12 June 2008

Let's play again: McCain vs McCain

This is fun:

In 2005 and 2007, McCain was in favor of raising the cap on the Social Security payroll tax as part of a hypothetical compromise solution.

On a Feb., 23, 2005, edition of "Meet the Press," NBC's Tim Russert asked McCain if he would support "as part of the solution to Social Security's solvency problem, that you lift the cap so that you would pay payroll tax, Social Security tax, not just on the first $90,000 of your income, but perhaps even higher?"
“As part of a compromise," said McCain, "I could, and other sacrifices, because we all know that it doesn't add up until we make some very serious and fundamental changes.”
In 2008, once again, the maverick senator found it expedient to ditch that position and in a remarkable display of chutzpah, criticize Obama for the very same compromise that he supported for several years:
"The Social Security tax cap, he wants to raise from $105,000 to I think
$200,000," McCain told Bloomberg News' Peter Cook. "Do you know how many
employers, small-business people that would mean a 12-percent increase in their
Social Security tax? I mean, this is just -- Senator Obama wants to
raise taxes," he continued. "I want to keep tax cuts in place. And I think
that it’s important that in a time of real crisis, economic crisis in America,
the last thing we want to do is raise people’s taxes now."
Let's score this one: Flip-flopped to pander to the right wing base? Check. Hypocritical criticism of Obama? Check. But it seems incomplete without the McCain mendacity. Where's the lie? Ah, yes, here it is:
Obama and his advisers have said on multiple occasions that he would continue to exempt income between roughly $100,000 and around $200,000 from the Social Security tax while imposing it on income above $200,000.
Deliberate mischaracterization of Obama's actual proposal? Check! A perfect score!


  1. The economy has changed, too, remember. Taxing "the rich" and businesses in ever-increasing amounts in a faltering economy makes new-job creation slower, if at all. "The rich" and, obviously, corporations themselves (who need investment from the rich) are those creating or not-creating all these jobs. If McCain wants to change his mind to allow for jobs to be created, isn't that a good thing?

    Economics 101, baby. Catch the fever.

  2. Sorry K, if Shadowfax understood economics, he'd be a Republican. But the most ironic feature of the McCain-bashing that has become de rigeur among "progressives" is that it represents a complete flip-flop.

    When he was willing to badmouth Bush, they "respected" him for his "independence" and "moderation." Now, of course, the party line has changed and parrots sqwawk a different tune.

  3. Sorry K, if Shadowfax understood economics, he'd be a Republican.

    Then why were all my economics and polisci professors communists?

    You can understand economics, but have such nasty liberal guilt that you'll support things you know will not help the rich, middle class, nor the poor (at least in the long run) because it takes away from the rich and liberals like for the rich to be less rich because it makes them feel good.
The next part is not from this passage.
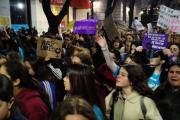 Histórica marcha por "Ni una menos" en las calles de La Plata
I don't get it either. Me, I feel good when jobs are being created and a forth of my paycheck isn't being taken away from me which is why I'm not a Democrat.

    Oh, and McCain said that said Soc Security tax-cap increase would be a "compromise", which means he would not support it if he did not have someone with whom he had to compromise. Obama, on the other hand, won't shut up about repealing "Bush's tax cuts for the rich" and other such Liberal 101 stuff. The attitudes on that subject seem much different.

  4. Then why were all my economics and polisci professors communists?

    There is tremendous pressure on academicians to conform (or pretend to conform) to the Leftist ideology that dominates most universities. People who refuse to follow the party line don’t get tenure.

    Even so, the percentage of Republicans (and Libertarians) in Economics departments is much (much) higher than in other departments. Why? Harvard economist Greg Mankiw believes that the study of economics tends to make people more conservative. He explains why in this post.

  5. Okay, I over-generalized. My first economics professor @ community college (I went to community college in lieu of my last year of high school) was a Republican, and he was kinda funny. He'd offer to "have a smoke and a coffee" with any of us after class and talk about economics because "being a Republican means you're lonely around here." My mom is/was far-left and dad was "I'm not going to talk about politics at the dinner table", so I guess he was perhaps the person who changed my mind, or at least made me think initially about how things REALLY worked in the economy vs. idealism and ineffective feel-good policies.

    In keeping with your link, one of my govt professors attempted to, literally, with a tear in his eye, convince us that communism would work here because people want to work hard and further the economy because it gives them a sense of self-satisfaction. The explanation as to why it didn't work anywhere else was that the leaders themselves were corrupt and didn't let communism work.*Sigh* Good thing I paid $200/credit for that crap.